**WORK ORDER:** Transcribe only what runs from the line containing "MAAX BATH 10038458-305 Square Drain Grid" through the end of the listing, line for line and exactly, and omit the pictures.

============================================================

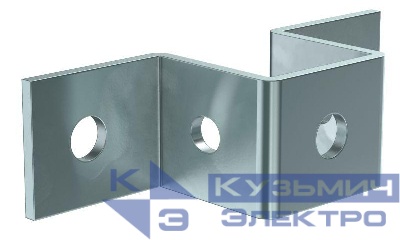 Крепление стеновое для STRUT-профиля EZ IEK CLM50D-SKS-050-40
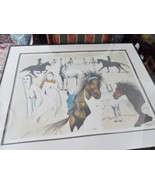 Heine-French,Erotic Women And Horses, Original Signed/ Numbered Limited ... - $421.73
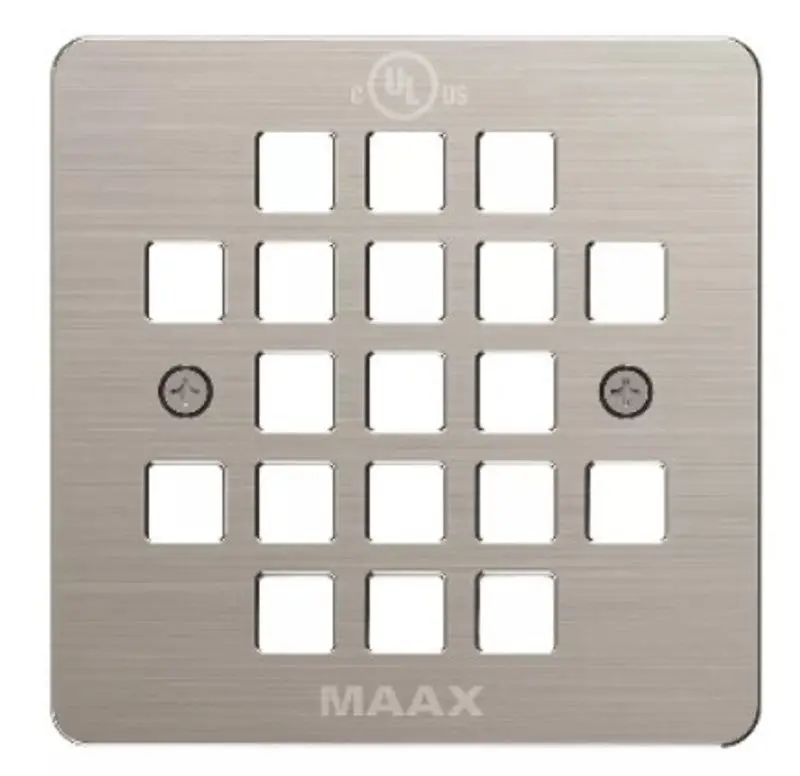 MAAX BATH 10038458-305 Square Drain Grid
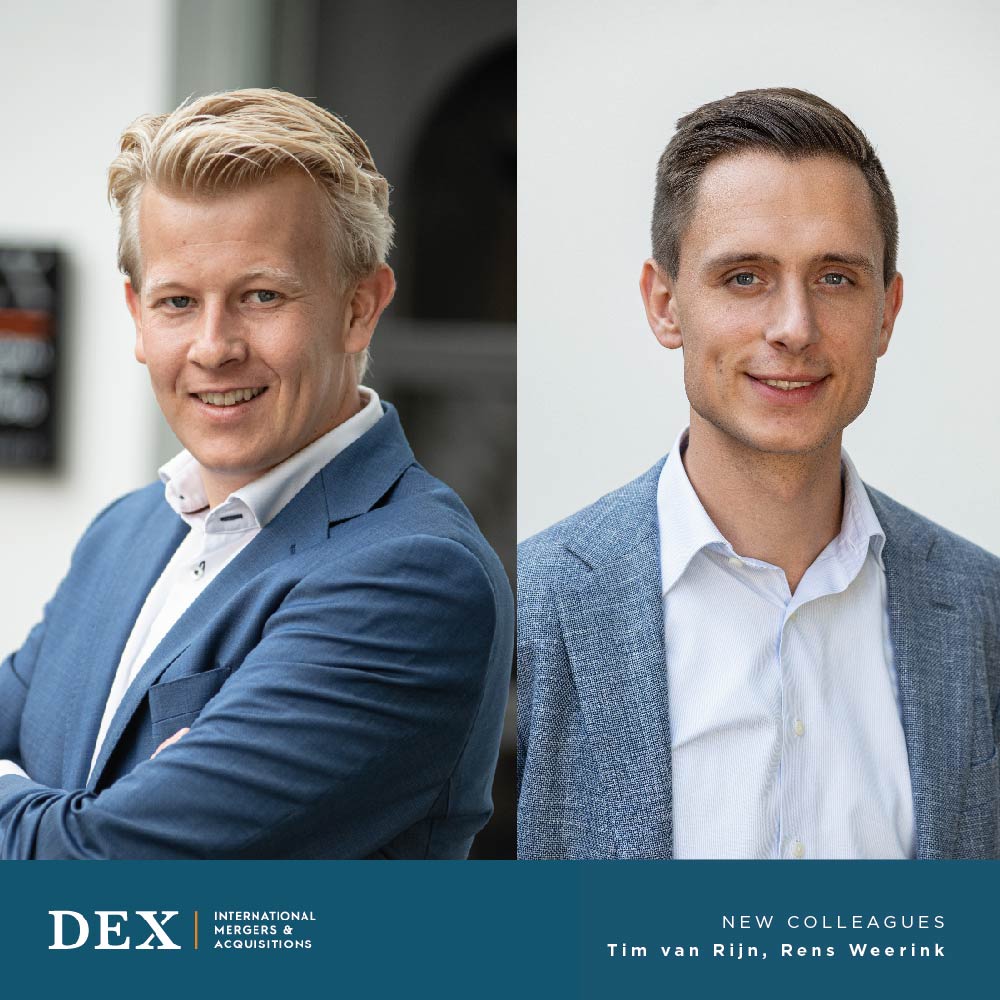 We are pleased to announce that we have strengthened our team with two new colleagues.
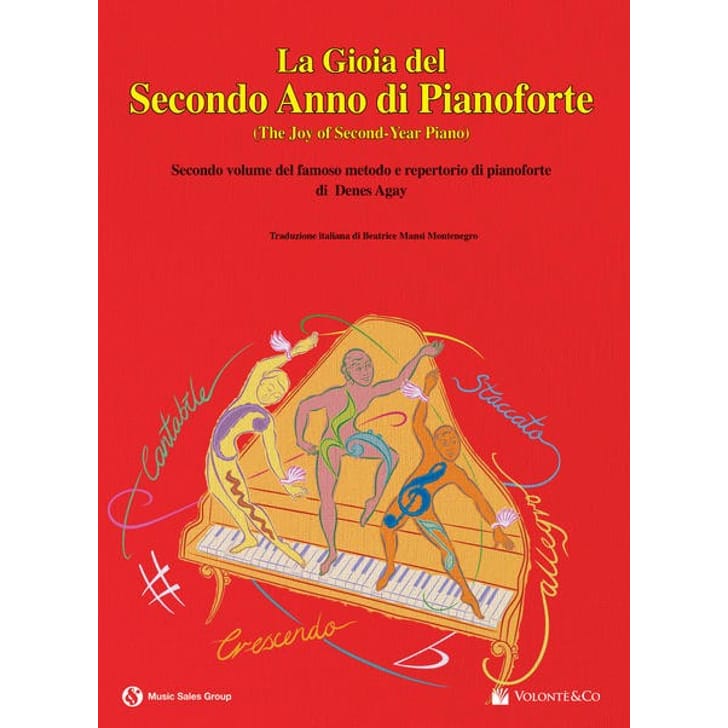 AGAY LA GIOIA DEL SECONDO ANNO DI PIANOFORTE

============================================================

**SOLUTION TO THE PROBLEM:**
 MAAX BATH 10038458-305 Square Drain Grid
 We are pleased to announce that we have strengthened our team with two new colleagues.
 AGAY LA GIOIA DEL SECONDO ANNO DI PIANOFORTE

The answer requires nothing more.